The environment has certainly improved, but for the next gold run to manifest even the diehard gold and silver bugs must show severe uncertainty, I haven’t seen that yet. In my mind, a false bottom and then an impressive rally will force many on the sidelines to enter positions, fearing they somehow missed the bottom. Once enough people commit then prices will drop to new lows, eventually challenging the last stronghold, the $1,000 level. If $1,000 fails, endless stops will be triggered, and a washout phase will see prices plunge to the $875-$850 area. At that level, we would see a complete sentiment reset and an opportunity for the next bull phase to begin.
What’s next for prices
Gold, silver and miners have been relatively predictable, the last 2-years they would rise from their 6-month lows to approximately the 50-week moving average, and then the cycle would top. Our cycle work and trend analysis suggest nothing has changed and that the bearish trend is still intact. However, if prices do not top out relatively soon, and the structure further deteriorates, I will be forced to consider other possibilities. Note: The 8-year cycle in gold has arrived with consistency, if prices bottomed in November of 2015 then it would be a year early, to me that seems unlikely.

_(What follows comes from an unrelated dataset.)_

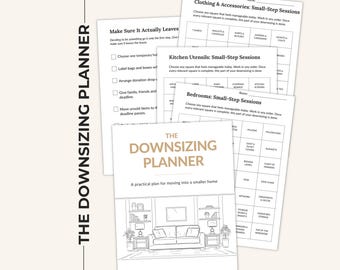 Downsizing Checklist Printable | Moving to Smaller Home Planner PDF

US Dollar Chart - The dollar jumped out of the potential cycle low closing above the ten and 200-day moving averages. I would like to see an even higher close above 97.00 for confirmation.
Gold Weekly Chart - Most cycles have been topping between weeks nine and eleven. This cycle just completed week ten peeking out at $1,263.90, that could be the top to this intermediate cycle.
Silver Weekly Chart - Silver's 6-month cycle was topping like clockwork at or slightly above the 50-week moving average. The current cycle has seen prices breach that area more than normal. Let's see if they top soon and keep the trend. Note, silver did not take out the October highs like gold, serving as a non-confirmation.
Conclusion
I’m not all-knowing, obviously, and it is possible gold reached a bear market bottom at $1,045.40, but the trend, sentiment (my version) and cycle analysis suggest otherwise. An established trend must be considered intact until it is clearly broken. If the bottom did arrive at $1,045.40, there will be plenty of time to get in once the major low is confirmed. We are a long way from that confirmation currently.